Get your cyber crisis plan ready.
A proactive approach to identifying the types of incidents most likely to occur and preparing for them will help position the company to cope with and recover more swiftly from a cyber event. AIB, for example, created ready-to-launch message plans for stakeholders in the event of a cyber crisis. “If you assume something’s going to happen, then you’re not trying to create a response on the fly,” Ogle explained. “So, we went ahead and spelled out who would be impacted, what our communication plans should be and got those ready to go.”
Boost the board’s IT IQ.
Ideally, directors should seek opportunities for continuous learning with regard to technological advancement and digitization in general, as well as company- and industry-specific cyber risks. At BlackRock, technology and cyber threats are standing items on the audit and risk committee agendas. “Given the sophistication and the frequency of some of the incidents, cybersecurity is a risk that gets heightened attention and is certainly top of mind for our board,” noted Michelle Evaul, managing director, enterprise risk management. “If an incident has occurred, the impact to Blackrock will be addressed, or, in the absence of a specific incident, we’ll cover a topic of interest, like a new threat vector or security in the cloud.”

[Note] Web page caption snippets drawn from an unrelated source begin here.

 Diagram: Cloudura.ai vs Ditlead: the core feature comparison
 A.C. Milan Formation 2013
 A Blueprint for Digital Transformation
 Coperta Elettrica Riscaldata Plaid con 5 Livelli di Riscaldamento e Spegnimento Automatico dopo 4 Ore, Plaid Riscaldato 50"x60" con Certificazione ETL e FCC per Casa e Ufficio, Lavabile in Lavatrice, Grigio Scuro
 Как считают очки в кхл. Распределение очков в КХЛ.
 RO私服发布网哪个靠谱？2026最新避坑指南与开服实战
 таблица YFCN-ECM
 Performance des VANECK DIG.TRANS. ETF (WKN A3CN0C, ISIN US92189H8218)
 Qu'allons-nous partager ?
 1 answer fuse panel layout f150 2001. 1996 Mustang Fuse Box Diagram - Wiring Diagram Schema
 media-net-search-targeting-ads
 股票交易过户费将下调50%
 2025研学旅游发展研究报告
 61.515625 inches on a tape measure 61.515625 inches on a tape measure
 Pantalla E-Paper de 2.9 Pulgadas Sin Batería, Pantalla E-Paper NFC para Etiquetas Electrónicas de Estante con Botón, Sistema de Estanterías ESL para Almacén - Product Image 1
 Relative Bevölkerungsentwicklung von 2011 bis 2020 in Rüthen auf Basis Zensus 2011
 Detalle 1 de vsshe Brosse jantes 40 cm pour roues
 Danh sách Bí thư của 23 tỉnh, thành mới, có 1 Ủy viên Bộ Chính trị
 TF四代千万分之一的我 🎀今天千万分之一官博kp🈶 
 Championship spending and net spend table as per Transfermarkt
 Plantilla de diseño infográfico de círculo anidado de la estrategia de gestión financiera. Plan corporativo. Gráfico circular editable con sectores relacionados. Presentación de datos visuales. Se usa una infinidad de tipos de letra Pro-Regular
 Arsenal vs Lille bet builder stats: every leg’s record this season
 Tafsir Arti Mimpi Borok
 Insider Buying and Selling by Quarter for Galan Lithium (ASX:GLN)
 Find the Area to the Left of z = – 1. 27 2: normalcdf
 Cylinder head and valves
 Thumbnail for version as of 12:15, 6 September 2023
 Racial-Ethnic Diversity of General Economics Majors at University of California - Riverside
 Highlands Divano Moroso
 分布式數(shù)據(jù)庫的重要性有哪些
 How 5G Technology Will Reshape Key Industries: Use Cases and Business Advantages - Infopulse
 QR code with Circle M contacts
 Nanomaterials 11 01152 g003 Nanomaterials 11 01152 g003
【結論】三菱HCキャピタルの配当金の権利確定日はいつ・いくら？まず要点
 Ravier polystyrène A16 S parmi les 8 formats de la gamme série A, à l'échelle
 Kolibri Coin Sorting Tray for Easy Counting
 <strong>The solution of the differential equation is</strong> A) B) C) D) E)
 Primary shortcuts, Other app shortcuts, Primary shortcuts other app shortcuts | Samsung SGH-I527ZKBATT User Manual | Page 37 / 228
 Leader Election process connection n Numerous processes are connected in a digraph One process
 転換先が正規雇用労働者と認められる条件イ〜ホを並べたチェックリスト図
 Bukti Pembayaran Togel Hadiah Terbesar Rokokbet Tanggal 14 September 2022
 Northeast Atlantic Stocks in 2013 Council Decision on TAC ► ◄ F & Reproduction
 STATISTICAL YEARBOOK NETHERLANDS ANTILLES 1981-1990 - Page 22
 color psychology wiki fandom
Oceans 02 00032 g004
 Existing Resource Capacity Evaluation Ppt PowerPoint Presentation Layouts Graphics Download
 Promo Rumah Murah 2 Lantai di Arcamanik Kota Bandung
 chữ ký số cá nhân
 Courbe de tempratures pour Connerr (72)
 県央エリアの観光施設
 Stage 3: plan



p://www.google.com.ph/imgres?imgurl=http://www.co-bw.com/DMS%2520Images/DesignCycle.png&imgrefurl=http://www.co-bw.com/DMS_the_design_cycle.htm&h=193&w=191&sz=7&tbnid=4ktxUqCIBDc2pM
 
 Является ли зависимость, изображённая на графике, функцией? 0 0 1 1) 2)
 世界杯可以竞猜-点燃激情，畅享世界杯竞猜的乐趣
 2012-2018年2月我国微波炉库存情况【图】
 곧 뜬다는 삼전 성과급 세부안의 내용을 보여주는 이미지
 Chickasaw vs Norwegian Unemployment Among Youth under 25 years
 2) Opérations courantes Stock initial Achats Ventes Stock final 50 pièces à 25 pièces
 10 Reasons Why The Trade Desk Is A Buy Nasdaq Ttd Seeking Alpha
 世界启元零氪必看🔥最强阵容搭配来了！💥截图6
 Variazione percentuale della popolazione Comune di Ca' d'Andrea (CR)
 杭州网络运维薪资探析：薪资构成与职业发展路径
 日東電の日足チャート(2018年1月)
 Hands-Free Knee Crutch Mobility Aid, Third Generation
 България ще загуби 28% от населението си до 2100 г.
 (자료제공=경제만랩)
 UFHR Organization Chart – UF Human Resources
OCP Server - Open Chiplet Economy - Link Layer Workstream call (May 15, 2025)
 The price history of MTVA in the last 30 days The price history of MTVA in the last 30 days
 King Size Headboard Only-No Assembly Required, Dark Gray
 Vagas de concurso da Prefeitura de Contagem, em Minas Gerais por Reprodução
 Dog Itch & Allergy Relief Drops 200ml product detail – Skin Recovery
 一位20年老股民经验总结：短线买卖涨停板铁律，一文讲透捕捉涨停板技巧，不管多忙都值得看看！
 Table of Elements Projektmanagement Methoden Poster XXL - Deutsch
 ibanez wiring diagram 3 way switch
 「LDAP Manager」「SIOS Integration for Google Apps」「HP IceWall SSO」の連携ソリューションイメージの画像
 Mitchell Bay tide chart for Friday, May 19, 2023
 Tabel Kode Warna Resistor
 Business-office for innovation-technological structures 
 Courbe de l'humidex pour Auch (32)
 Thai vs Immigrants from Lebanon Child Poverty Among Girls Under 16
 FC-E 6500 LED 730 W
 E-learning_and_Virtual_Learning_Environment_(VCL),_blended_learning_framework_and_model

Increasingly, conversations about technological advancements are, by necessity, becoming whole board topics. “Having the CISO present to the audit committee may not always be sufficient,” noted Arista. “Processing changes in the marketplace, blockchain and cryptography, 5G technology—it’s important that board members get adequate education about technology that may be or become pertinent to their businesses at any given point of time. There really should be broader conversations not only about cybersecurity but about the way digitization is manifesting itself in the organization. Board members and executive management have to be hypervigilant about these things as they’re defining their business strategy.